**Brief:**
Using the material below, print a verbatim copy of every line from the one containing "It will take some time to generate the CSV." through the one containing "You should know", inclusive, and omit the pictures.

**Record excerpts:**
= Beginning of Section =

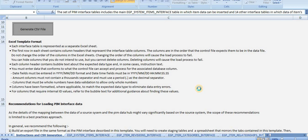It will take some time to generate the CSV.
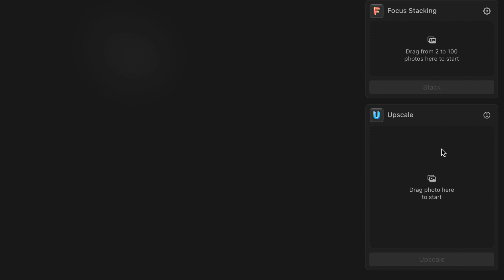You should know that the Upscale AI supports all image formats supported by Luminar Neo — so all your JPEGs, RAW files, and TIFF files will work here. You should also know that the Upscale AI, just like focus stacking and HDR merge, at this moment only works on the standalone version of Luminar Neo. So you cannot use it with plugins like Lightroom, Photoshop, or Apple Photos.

= End of Section =
= Beginning of Section =

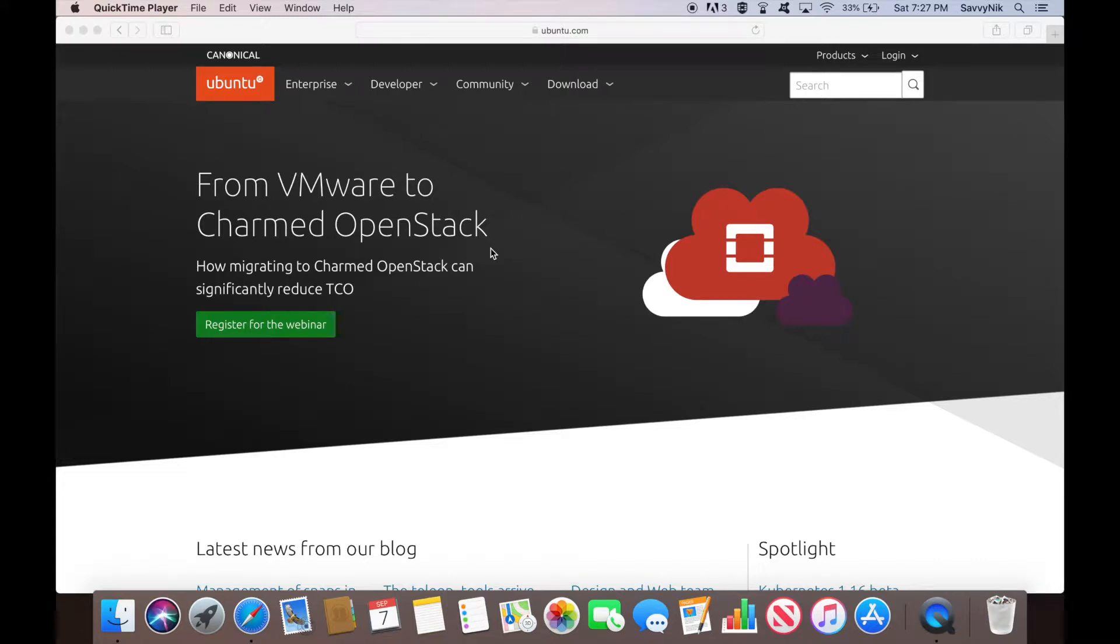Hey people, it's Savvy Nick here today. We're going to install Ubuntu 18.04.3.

= End of Section =
= Beginning of Section =

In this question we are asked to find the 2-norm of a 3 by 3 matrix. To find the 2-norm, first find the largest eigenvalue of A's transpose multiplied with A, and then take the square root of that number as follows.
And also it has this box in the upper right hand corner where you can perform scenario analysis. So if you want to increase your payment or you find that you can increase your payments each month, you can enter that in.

= End of Section =

**Answer for this exercise:**
It will take some time to generate the CSV.
You should know that the Upscale AI supports all image formats supported by Luminar Neo — so all your JPEGs, RAW files, and TIFF files will work here. You should also know that the Upscale AI, just like focus stacking and HDR merge, at this moment only works on the standalone version of Luminar Neo. So you cannot use it with plugins like Lightroom, Photoshop, or Apple Photos.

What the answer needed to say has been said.